PCSX and its forks are very stable emulators with wide compatibility, but the use of open source and the barebones implementation of the emulator feel like Sony didn't put nearly as much effort into the PlayStation Classic's software as it did its physical design.
On the bright side, the use of an open source emulator almost certainly ensures that modders will be able to eventually load their own PlayStation ROMs onto the system, as they've done with the NES and SNES Classic.
Of course, the process of acquiring those ROMs and implementing the modifications to use them has its own technical and legal hurdles, and is certainly not supported by Sony.
Not Quite a Classic
The Sony PlayStation Classic could have been another must-have nostalgia game system, celebrating the fifth console generation as faithfully as the NES Classic celebrates the third and the SNES Classic celebrates the fourth.
Unfortunately, Sony made too many bizarre and disappointing choices with the system for it to feel worthwhile to die-hard fans.
The three biggest games (Final Fantasy VII, Metal Gear Solid, and Resident Evil) already have ports, remasters, or remakes that look better than they do on the PlayStation Classic.
The other games depend on taste, and the full list has too many major holes to be considered a faithful compilation of classic PlayStation titles.

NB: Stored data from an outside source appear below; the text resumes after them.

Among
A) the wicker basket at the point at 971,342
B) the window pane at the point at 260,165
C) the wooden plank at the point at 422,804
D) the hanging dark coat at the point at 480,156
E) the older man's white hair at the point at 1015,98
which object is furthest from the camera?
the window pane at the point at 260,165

Add a lazy presentation that makes almost no effort to make these early 3D games look better than they did at 480i 20 years ago, and pre-DualShock controllers that make several of the games on the system feel worse to play than they should, and you have a miniature PlayStation that looks good, but only until you turn it on.
Sony could have done so much more here with just a little extra effort put into the emulation code and presentation, and a little more thought put into the game list.
To be clear, the PlayStation Classic isn't a bad retro game system.
But considering the original PlayStation's legacy, it's a disappointing one.
The Bottom Line
A strange selection of games and muddy upscaling keep the PlayStation Classic mini retro game system from doing Sony's first console justice.